*Extracted information*.
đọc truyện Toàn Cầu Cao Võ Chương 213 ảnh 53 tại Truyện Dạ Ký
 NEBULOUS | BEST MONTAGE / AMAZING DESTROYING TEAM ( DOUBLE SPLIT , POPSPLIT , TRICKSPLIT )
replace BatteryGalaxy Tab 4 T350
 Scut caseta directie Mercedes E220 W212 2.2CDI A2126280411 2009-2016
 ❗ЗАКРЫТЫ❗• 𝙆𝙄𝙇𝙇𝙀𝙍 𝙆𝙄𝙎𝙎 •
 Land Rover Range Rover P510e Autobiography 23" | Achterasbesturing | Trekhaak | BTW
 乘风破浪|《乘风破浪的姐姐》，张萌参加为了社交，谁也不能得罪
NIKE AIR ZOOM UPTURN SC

*Your goal*. Every entry must be duplicated exactly as it stands.

*Written reply*.
đọc truyện Toàn Cầu Cao Võ Chương 213 ảnh 53 tại Truyện Dạ Ký
 NEBULOUS | BEST MONTAGE / AMAZING DESTROYING TEAM ( DOUBLE SPLIT , POPSPLIT , TRICKSPLIT )
replace BatteryGalaxy Tab 4 T350
 Scut caseta directie Mercedes E220 W212 2.2CDI A2126280411 2009-2016
 ❗ЗАКРЫТЫ❗• 𝙆𝙄𝙇𝙇𝙀𝙍 𝙆𝙄𝙎𝙎 •
 Land Rover Range Rover P510e Autobiography 23" | Achterasbesturing | Trekhaak | BTW
 乘风破浪|《乘风破浪的姐姐》，张萌参加为了社交，谁也不能得罪
NIKE AIR ZOOM UPTURN SC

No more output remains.